424. Longest Repeating Character Replacement (R)

Link: https://leetcode.com/problems/longest-substring-without-repeating-characters

Description: Given a string, find the length of the longest substring with repeating characters.

Solution:

Using a sliding window approach, we can keep track of the characters in the current substring using a frequency count. We iterate through the string and add characters to the frequency count until the window is invalid. A window is invalid if the length of the window minus the frequency of the most frequent character is greater than k. In this case, we decrease the frequency of the character at the start of the window and move the start of the window to the right. We continue this process until we reach the end of the string and keep track of the maximum length of the valid window.

When the window is invalid, we decrease the frequency of the character at the start of the window and move the start of the window to the right. This ensures that the window is valid and the length of the window is calculated correctly.

/**
 * @param {string} s
 * @param {number} k
 * @return {number}
 */
var characterReplacement = function (s, k) {
  let maxLen = 0 // This will hold the maximum length of the valid window
  let maxCount = 0 // This will hold the count of the most frequently occurring character in the current window
  let start = 0 // Start of the sliding window
  const count = {} // Character frequency count within the window

  for (let end = 0; end < s.length; end++) {
    const charEnd = s[end]
    // Update the frequency of the current character
    if (!count[charEnd]) count[charEnd] = 0
    count[charEnd]++

    // Update maxCount to the frequency of the most frequent character in the current window
    maxCount = Math.max(maxCount, count[charEnd])

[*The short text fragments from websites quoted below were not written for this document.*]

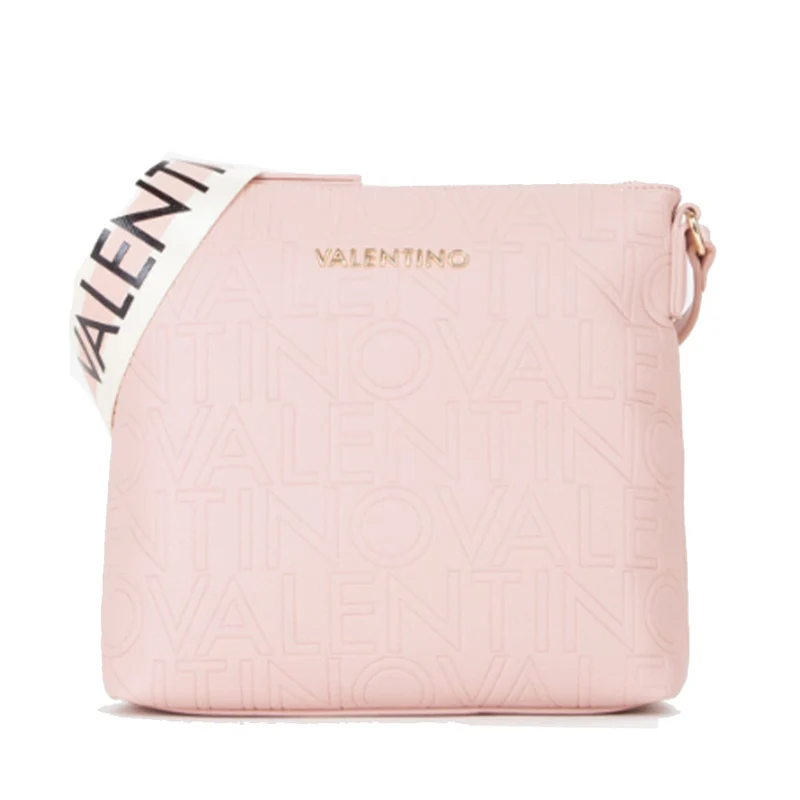 Borsa Donna Bandoliera a Tracolla VALENTINO BAGS linea Pansy colore Cipria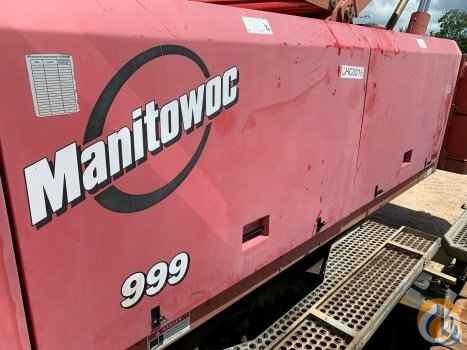 2009 Manitowoc 999 Series III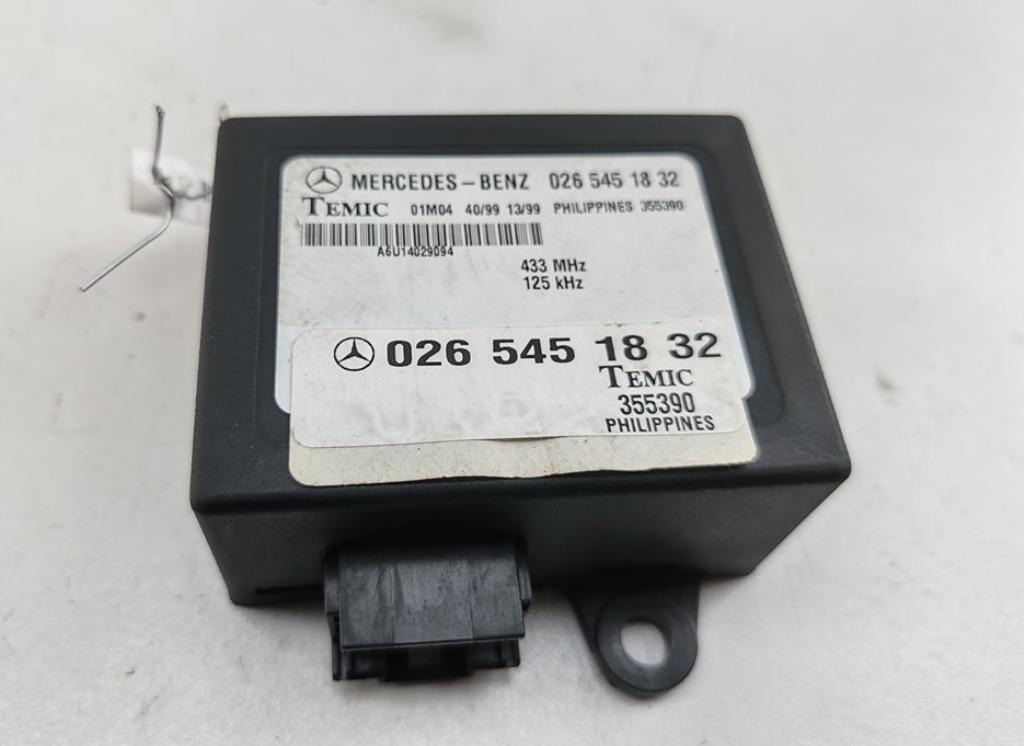 Иммобилайзер Mercedes-Benz Vito 2001, 2.2 л., дизель, МКПП, чёрный, микроавтобус, 0265451832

    // Calculate the length of the current window
    let windowLength = end - start + 1

    // Check if the current window is valid
    if (windowLength - maxCount > k) {
      // The window is not valid, decrease the frequency of the character at 'start' and move 'start' right
      const charStart = s[start]
      count[charStart]--
      start++
    } else {
      // Update maxLen if the current window is valid and larger than previous valid windows
      maxLen = Math.max(maxLen, windowLength)
    }
  }

  return maxLen
}